The Guttmacher Policy Review and its readers recently suffered a tremendous blow. On December 24, 2006, at the age of 38, one of our most prolific and accomplished authors, Cynthia Dailard, died suddenly. Trained as a lawyer and seasoned through her work on Capitol Hill and in the White House, Cynthia, who joined the Guttmacher Institute’s policy staff in 1998, was a disciplined, rigorous analyst and a compelling communicator. She seamlessly blended an authoritative knowledge of research—and an inherent feel for the power it can have in policy formulation—with an insider’s understanding of the policy-making process.
Cynthia was the Institute’s chief policy analyst on issues related to domestic family planning programs, sex education and teenagers’ sexual behavior. Over the course of eight years, she proved herself a powerful, determined advocate, bent on moving a positive sexual and reproductive health agenda forward even in the most difficult political environment. Much of her work, and her writings, revolved around efforts to sustain and expand the reach of publicly subsidized family planning programs serving disadvantaged women, and to ensure the coverage of contraception in health insurance plans. At the same time, she pushed us to think and to stretch in new directions, often anticipating policy opportunities or trends before they were widely recognized. Some of her recent writings, for example, explored the logistic hurdles to providing widespread cervical cancer vaccination, and she painstakingly documented the increasingly restrictive definition of sexual abstinence being articulated quietly, in drips and drabs, by the federal government.

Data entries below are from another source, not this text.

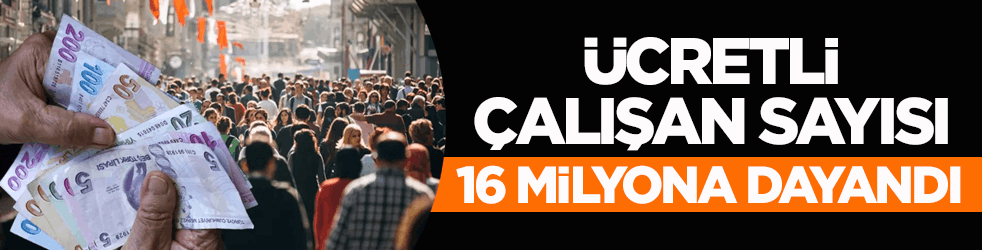 TÜİK açıkladı! Ücretli çalışan sayısı 16 milyona dayandı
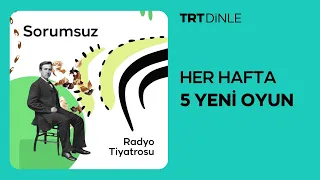 Radyo Tiyatrosu: Sorumsuz | Aile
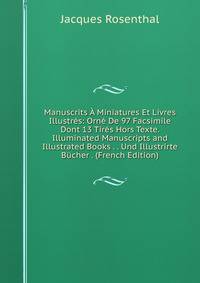 Manuscrits A Miniatures Et Livres Illustres: Orne De 97 Facsimile Dont 13 Tires Hors Texte. Illuminated Manuscripts and Illustrated Books . . Und Illustrirte Bucher . (French Edition)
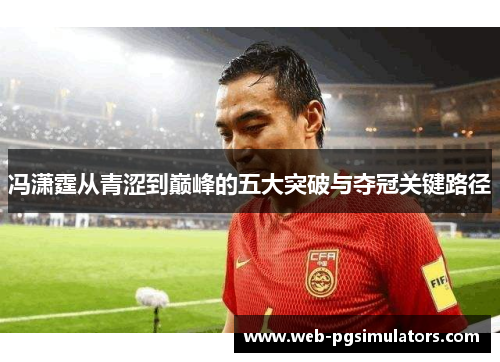 冯潇霆从青涩到巅峰的五大突破与夺冠关键路径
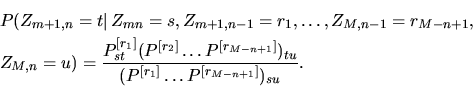 \begin{eqnarray*}
&& \mathbb P(Z_{m+1,n}=t\vert\,Z_{mn}=s, Z_{m+1,n-1}=r_1, \dot...
...
P^{[r_{M-n+1}]})_{tu}}{(P^{[r_1]} \dots P^{[r_{M-n+1}]})_{su}}.
\end{eqnarray*}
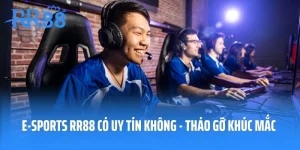 E-Sports RR88 Có Uy Tín Không - Tháo Gỡ Khúc Mắc Hội Viên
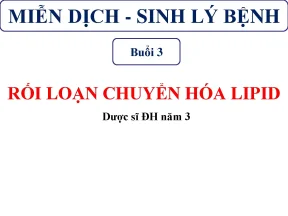 Bài 3 sinh lý bệnh rối loạn chuyển hóa lipid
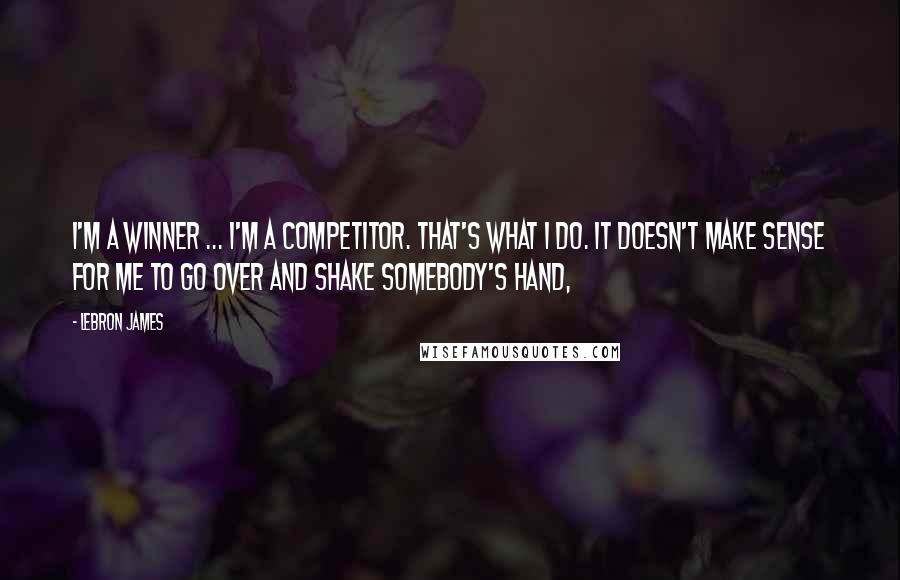 LeBron James Quotes: I'm a winner ... I'm a competitor. That's what I do. It doesn't make sense for me to go over and shake somebody's hand,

Cynthia Dailard was also a beloved colleague and friend. It is, therefore, not only with respect and admiration but also with abiding affection that we dedicate this issue to her, in her memory and her honor. The compilation on page 17 is excerpted from six of Cynthia’s most influential articles and provides an overview of her thoughts on some of the issues dearest to her. We hope these parting words will educate, illuminate, inspire.